» **ENTRIES SHOWN**
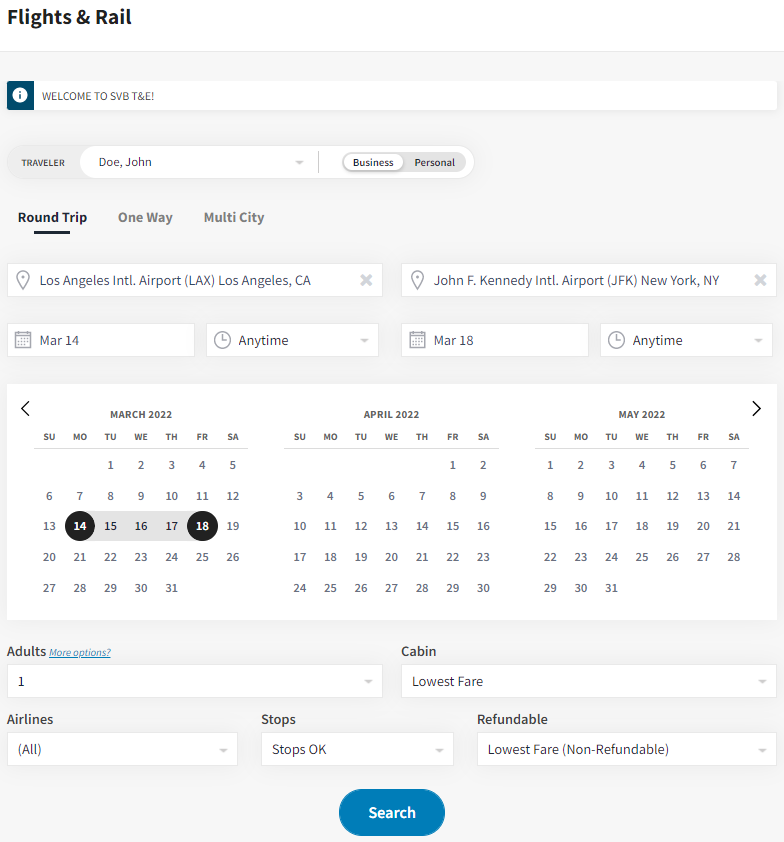 How do I book a flight? SVB T&E
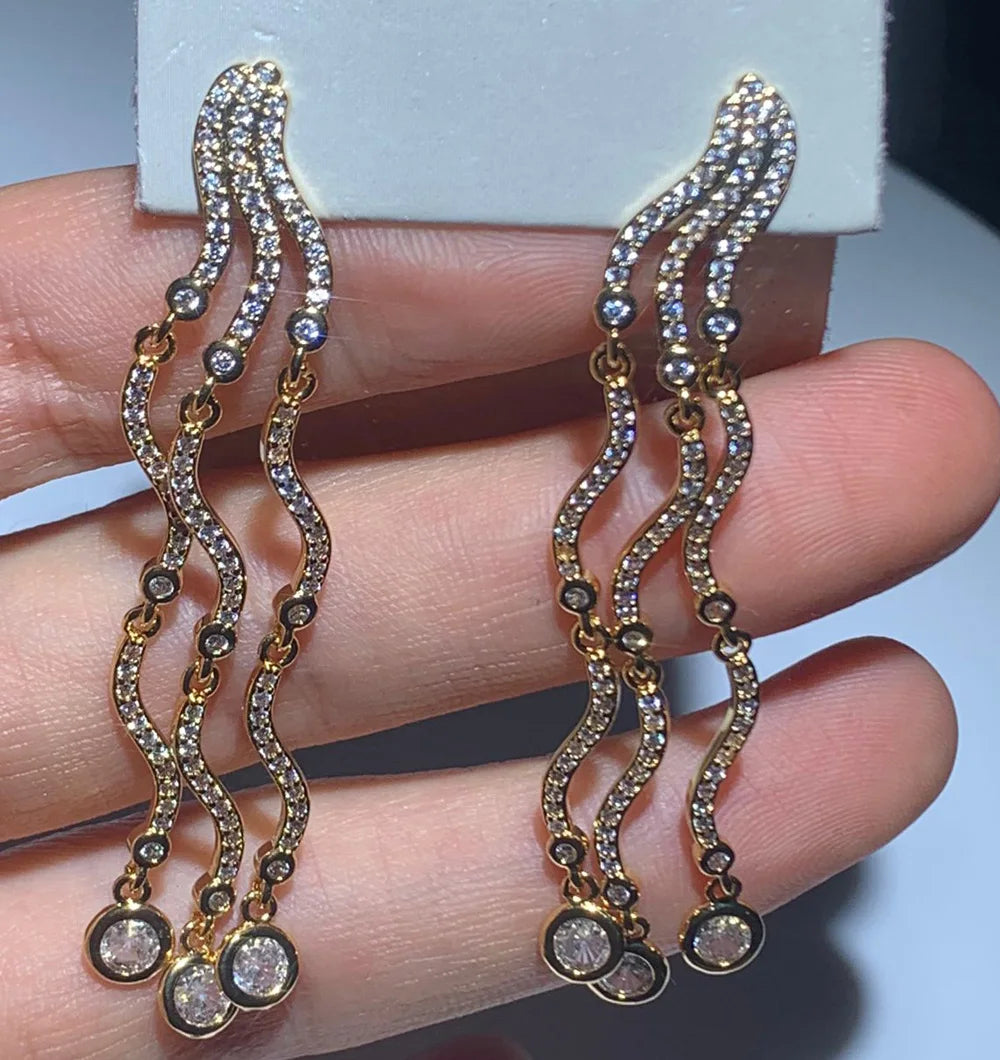 Shiny Wave Shape Long Dangle Earrings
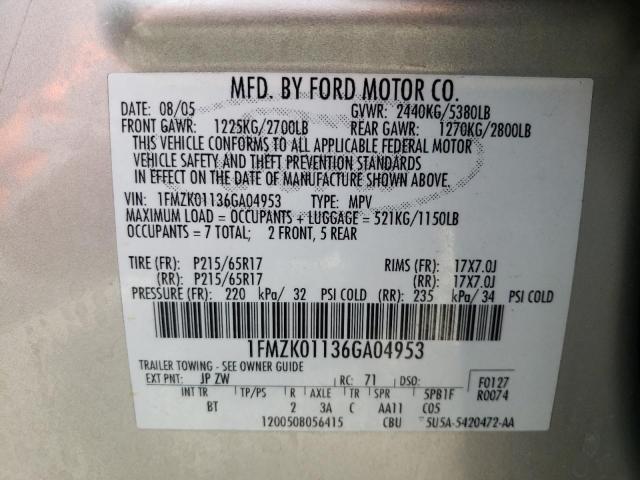 Photo 10 from auction – 2006 FORD FREESTYLE with VIN 1FMZK01136GA04953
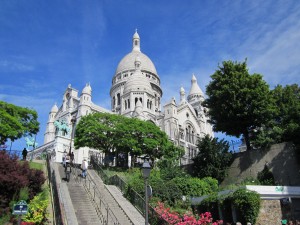 climbing the steps to Montmartre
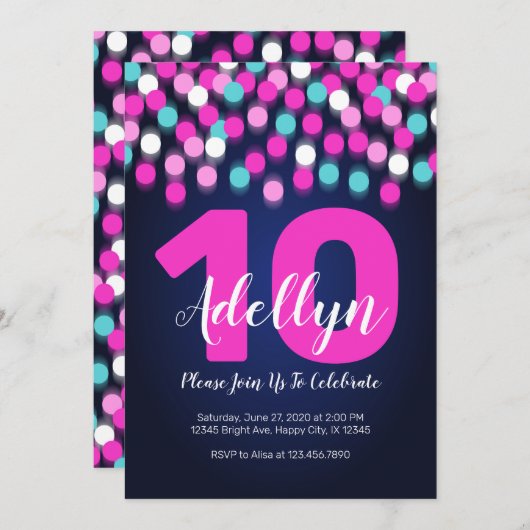 Neon verjaardagsuitnodiging Glow in het donker uit Kaart (Voorkant / Achterkant)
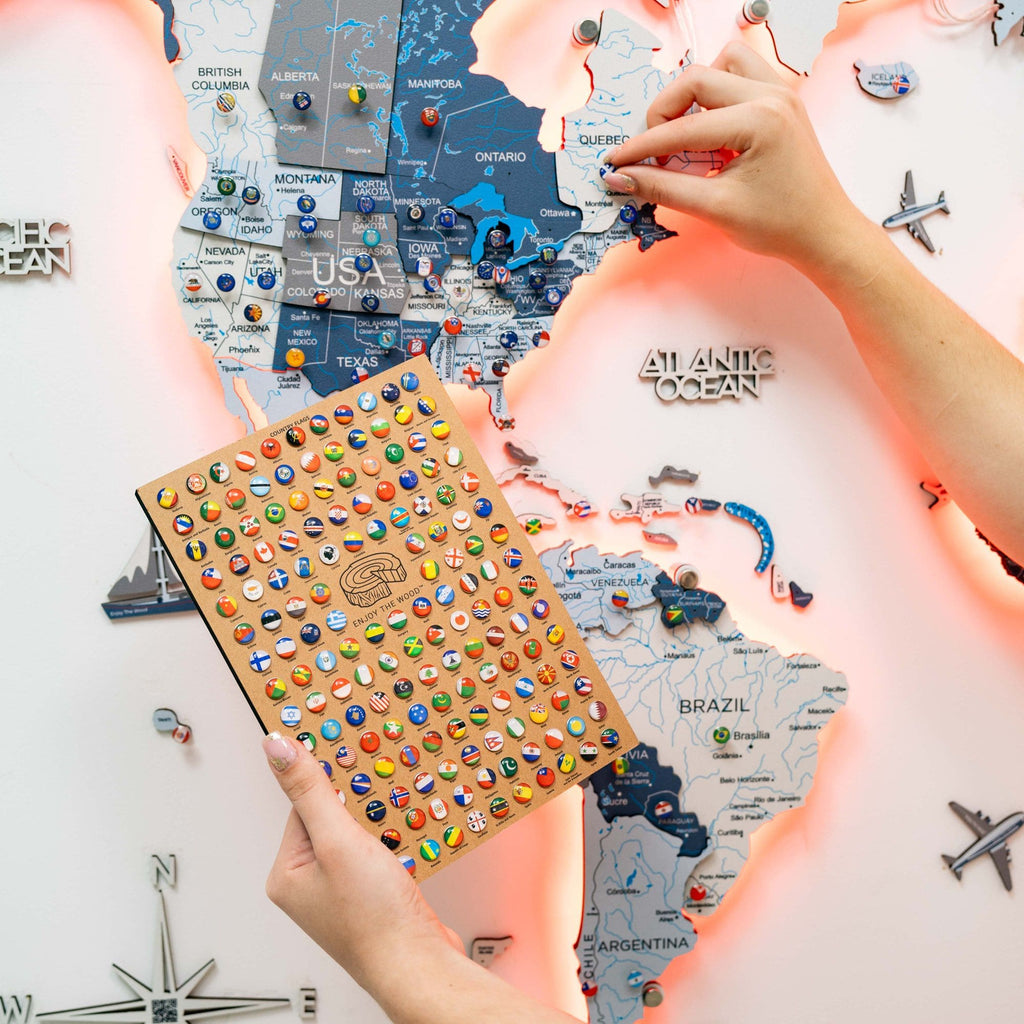 3D Luminous Wooden World Map 3.0 with LED Backlight & Smart Sync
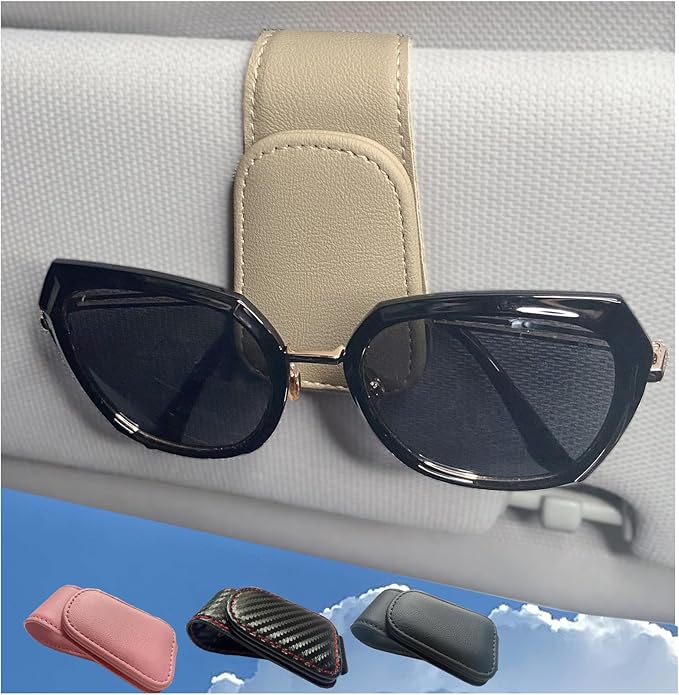 Leather Sunglass Holder for Car Visor, Magnetic Eyeglasses Clips(Beige) | One-Handed Operation, Fits Different Size Eyeglasses, Car Essentials for Women by Unknown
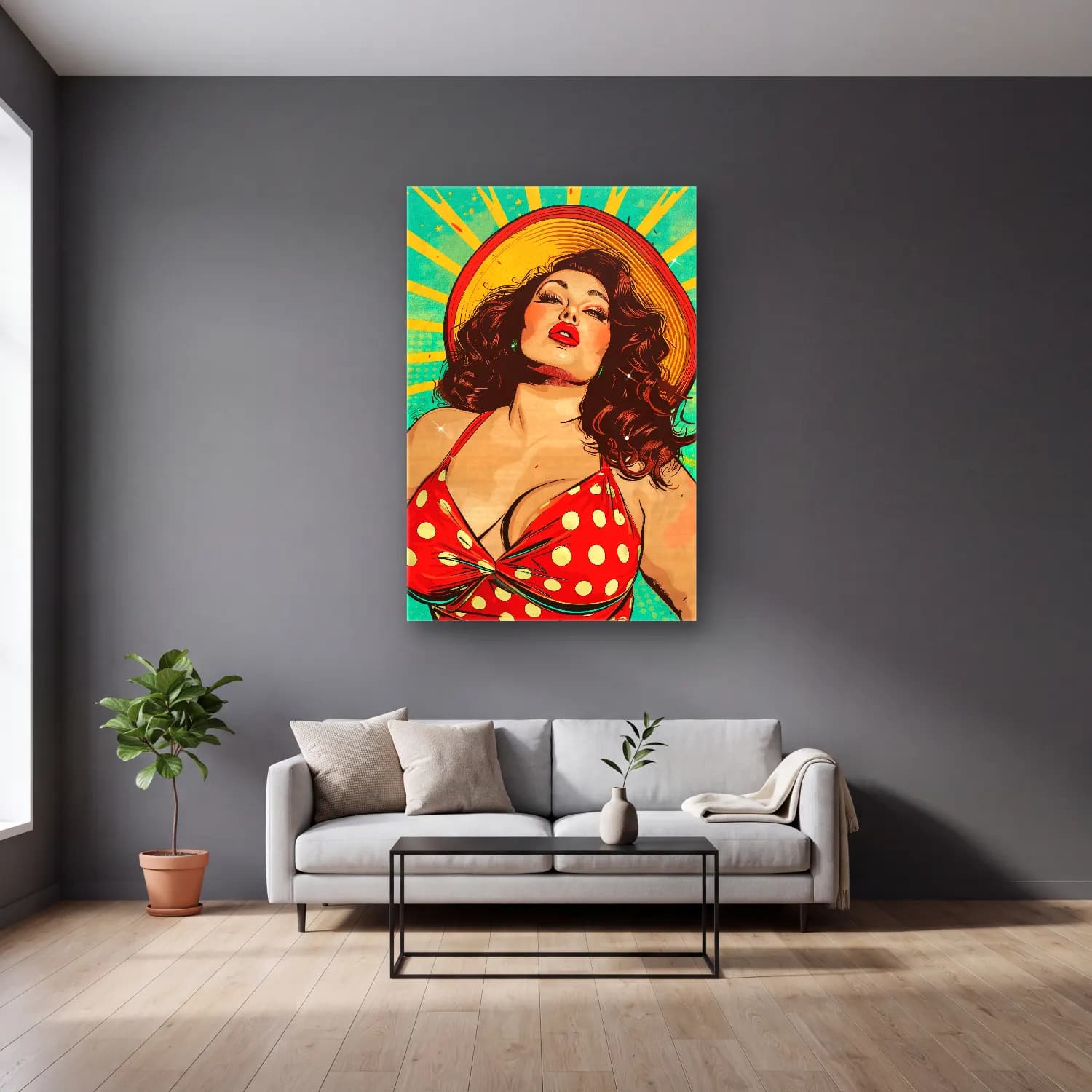 Pop Art Şapkalı Kadın – Kırmızı Tonlar cam tablo — gri duvarlı salonda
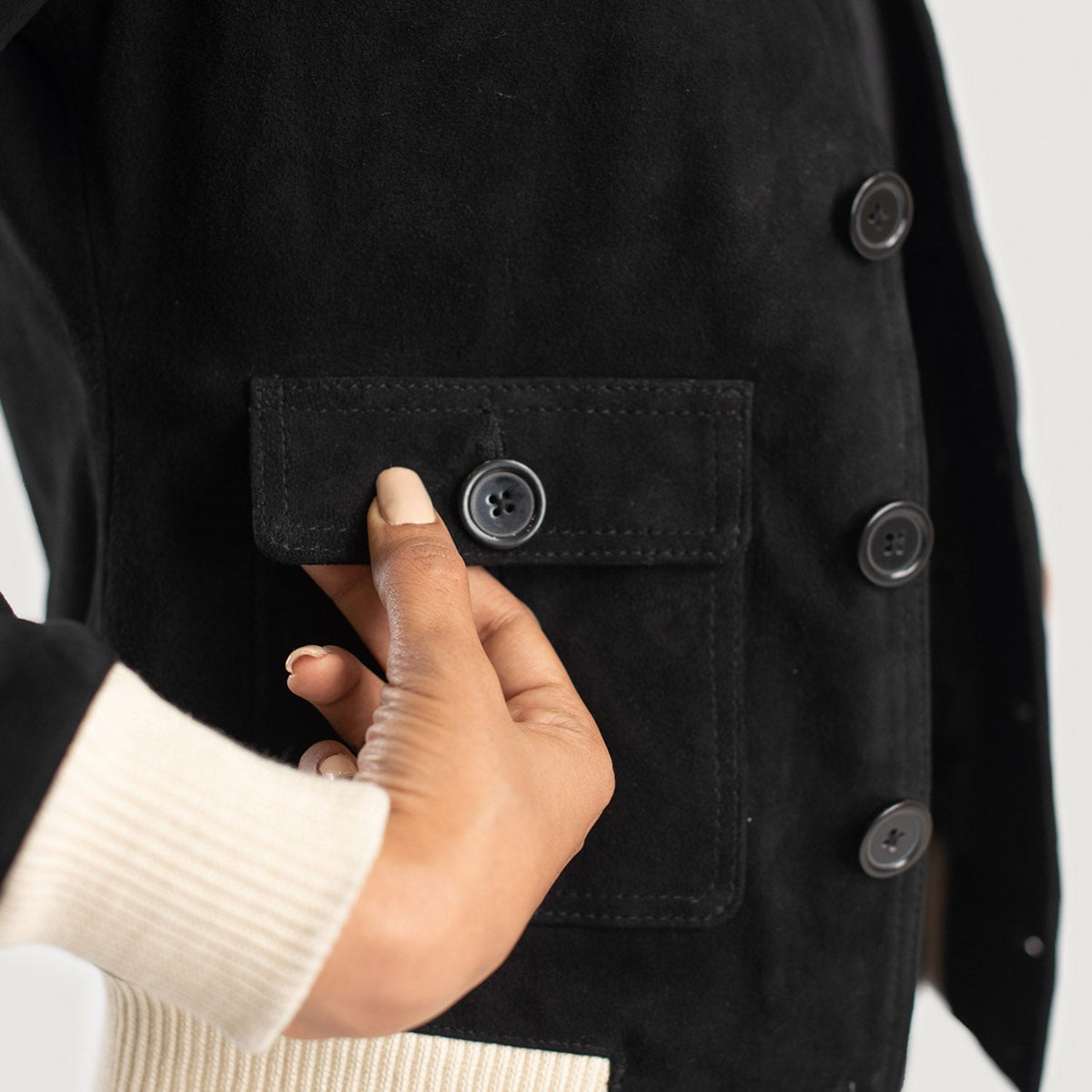 Sasha A1 Black Suede Bomber Jacket - women's jacket in black suede leather, view 6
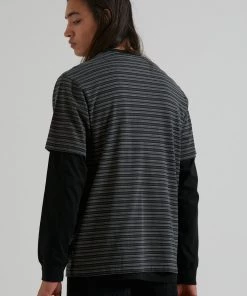 Clothing Afends Mens Ender - Recycled Striped T-Shirt - Beechwood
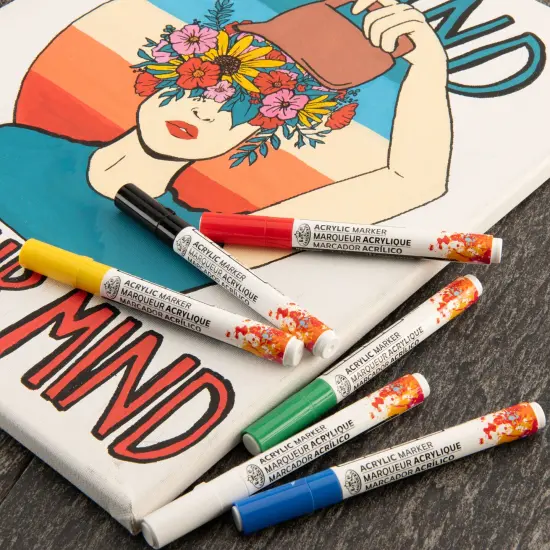 MARK-2721 | 6PC Acrylic 2mm Reversible Tip Primary Markers {2}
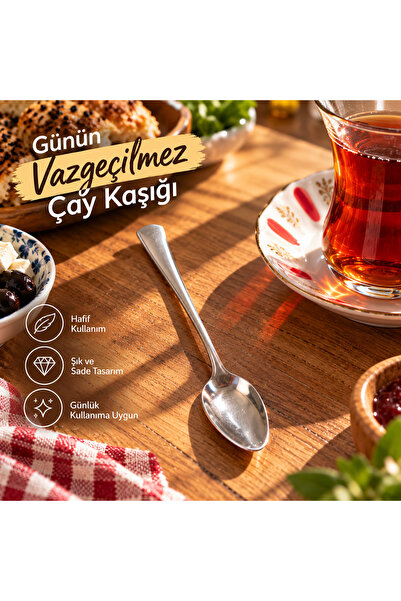 Feyz Çelik Ekonomik Çay Kaşığı Şık ve Sade Tasarım Günlük Kullanım Çoklu Setler Paslanmaz Çelik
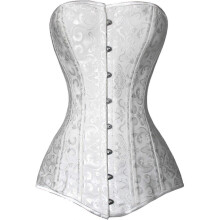 (L, Satin White) Women's 26 Steel Boned Cotton Long Torso Hourglass Body Shaper Corset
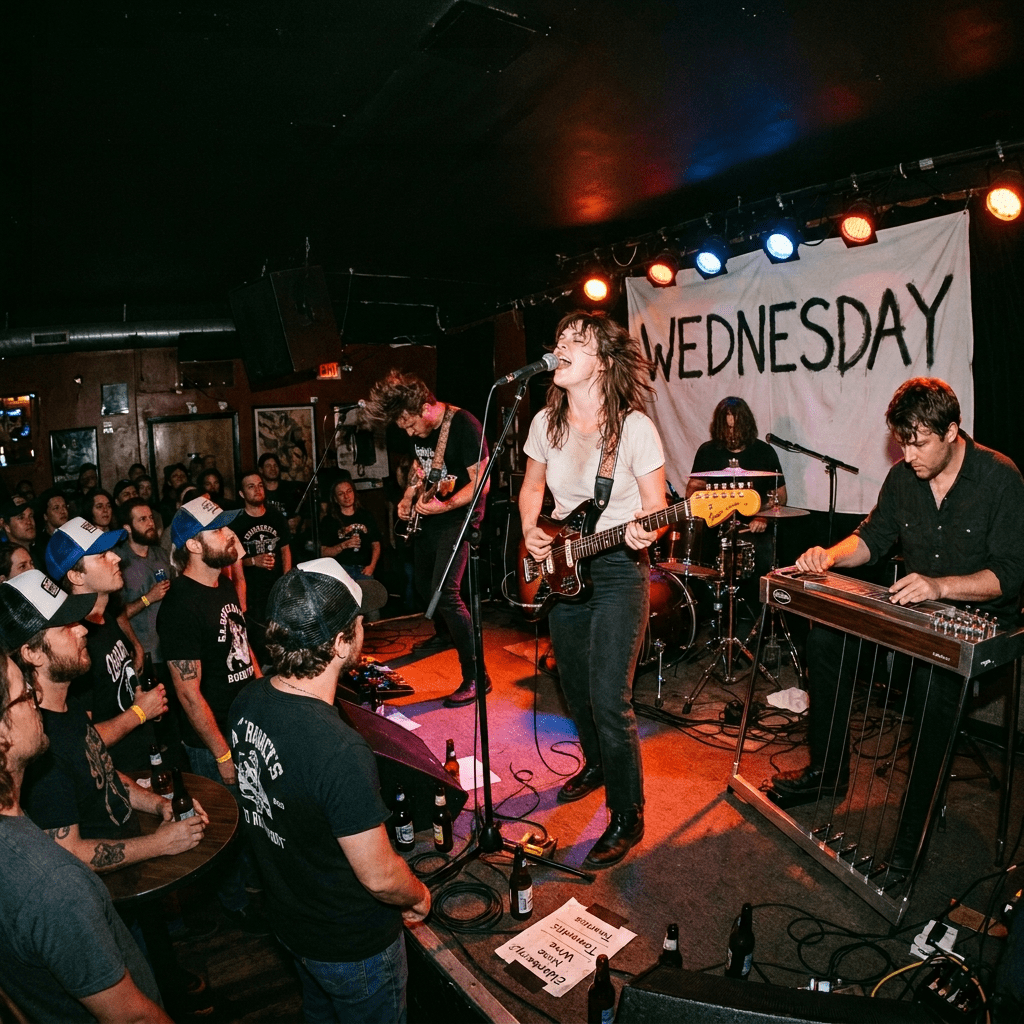 Anmeldelse: Wednesdays ‘Bleeds’ indfanger sydstats-twang og rå støj. Et mesterværk af alt-country og shoegaze-fuzz, centreret om Karly Hartzmans præcise fortællinger fra sydstaternes provins. En ufiltreret blanding af melodisk nerve og støjende kaos. WEDNESDAY BLEEDS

» **ASSIGNMENT**
In your copy, include no pictures, but reproduce all records exactly.

» **RESPONSE TO THE EXERCISE**
 How do I book a flight? SVB T&E
 Shiny Wave Shape Long Dangle Earrings
 Photo 10 from auction – 2006 FORD FREESTYLE with VIN 1FMZK01136GA04953
 climbing the steps to Montmartre
 Neon verjaardagsuitnodiging Glow in het donker uit Kaart (Voorkant / Achterkant)
 3D Luminous Wooden World Map 3.0 with LED Backlight & Smart Sync
 Leather Sunglass Holder for Car Visor, Magnetic Eyeglasses Clips(Beige) | One-Handed Operation, Fits Different Size Eyeglasses, Car Essentials for Women by Unknown
 Pop Art Şapkalı Kadın – Kırmızı Tonlar cam tablo — gri duvarlı salonda
 Sasha A1 Black Suede Bomber Jacket - women's jacket in black suede leather, view 6
 Clothing Afends Mens Ender - Recycled Striped T-Shirt - Beechwood
 MARK-2721 | 6PC Acrylic 2mm Reversible Tip Primary Markers {2}
 Feyz Çelik Ekonomik Çay Kaşığı Şık ve Sade Tasarım Günlük Kullanım Çoklu Setler Paslanmaz Çelik
 (L, Satin White) Women's 26 Steel Boned Cotton Long Torso Hourglass Body Shaper Corset
 Anmeldelse: Wednesdays ‘Bleeds’ indfanger sydstats-twang og rå støj. Et mesterværk af alt-country og shoegaze-fuzz, centreret om Karly Hartzmans præcise fortællinger fra sydstaternes provins. En ufiltreret blanding af melodisk nerve og støjende kaos. WEDNESDAY BLEEDS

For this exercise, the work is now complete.